The need for the DOI to be more transparent about any interactions and relationships between Somah Haaland and top Department officials, Chamberlain continued, is shown by each of these factors alone. “When combined, this need is heightened.”
According to a December report from Fox News Digital, Somah Haaland, a media organizer for the Pueblo Action Alliance (PAA), a cultural and environmental organization based in New Mexico, traveled to Washington, D.C., with a group of other climate activists to urge lawmakers and federal representatives to prohibit fossil fuel drilling close to the Chaco Culture National Historical Park in northwest New Mexico.
In addition to lobbying lawmakers, the activists showed a movie that “showcases the threats” faced by oil and gas leasing in the area and is narrated by Somah Haaland. Representative Teresa Leger Fernandez and Senator Martin Heinrich both attended the film with “agency officials.”

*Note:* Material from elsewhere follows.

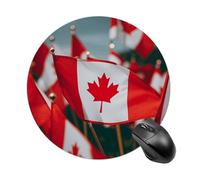Many Small Canadian Flags Round Mouse Pad Cute Small Computer Mouse Mat Non-Slip Rubber Base Gaming Mousepad for Wireless Mouse, Gaming, Office, Laptop, Women, Men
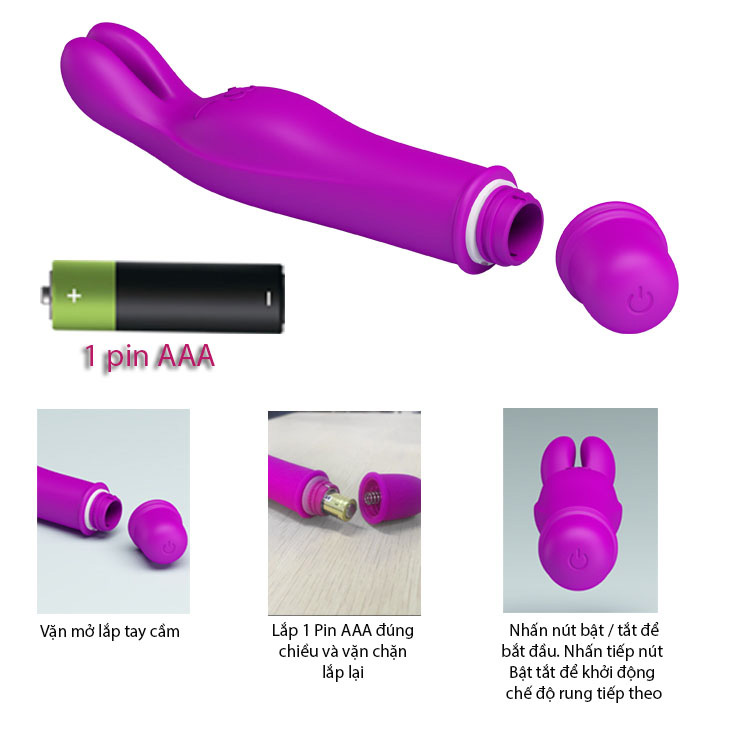 Mát xa 2 ngón Prettylove Elvira silicon an toàn rung mạnh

All conversations between Somah Haaland and seven DOI officials, including her mother and two BLM officials, including the agency’s head Tracy Stone-Manning, were the subject of a PPT information request in early January. The DOI and BLM have still not provided the required information, according to the group’s lawsuit filed on Monday, and they most certainly don’t intend to fulfill their statutory FOIA requirements either.
The ties of Interior authorities to activist organizations that occasionally use contentious tactics constitute anything but a return to normalcy, according to Chamberlain, who claimed that the Biden Administration had pledged such a return.
And PAA Executive Director Julia Bernal boasted in an interview that same year that she met personally with Secretary Haaland, whom she referred to as “Auntie Deb,” to discuss water policy issues and the group’s opposition to oil and gas leasing. Both events occurred in 2021, the same year that the PAA was involved in a violent protest in which climate activists stormed and attempted to breach the DOI’s headquarters in Washington, D.C.
The Western Energy Alliance, a sizable energy sector organization located in Denver, asked House Natural Resources Chairman Bruce Westerman, R-Ark., to launch a probe into the interior secretary’s alleged ethics violations in March in response to recent discoveries regarding Somah Haaland’s activities. A representative for Westerman stated that the congressman had received the request and was considering his options.
On Wednesday, Secretary Haaland is scheduled to give testimony before the House Natural Resources Committee.
Regarding PPT’s legal actions, the DOI declined to comment.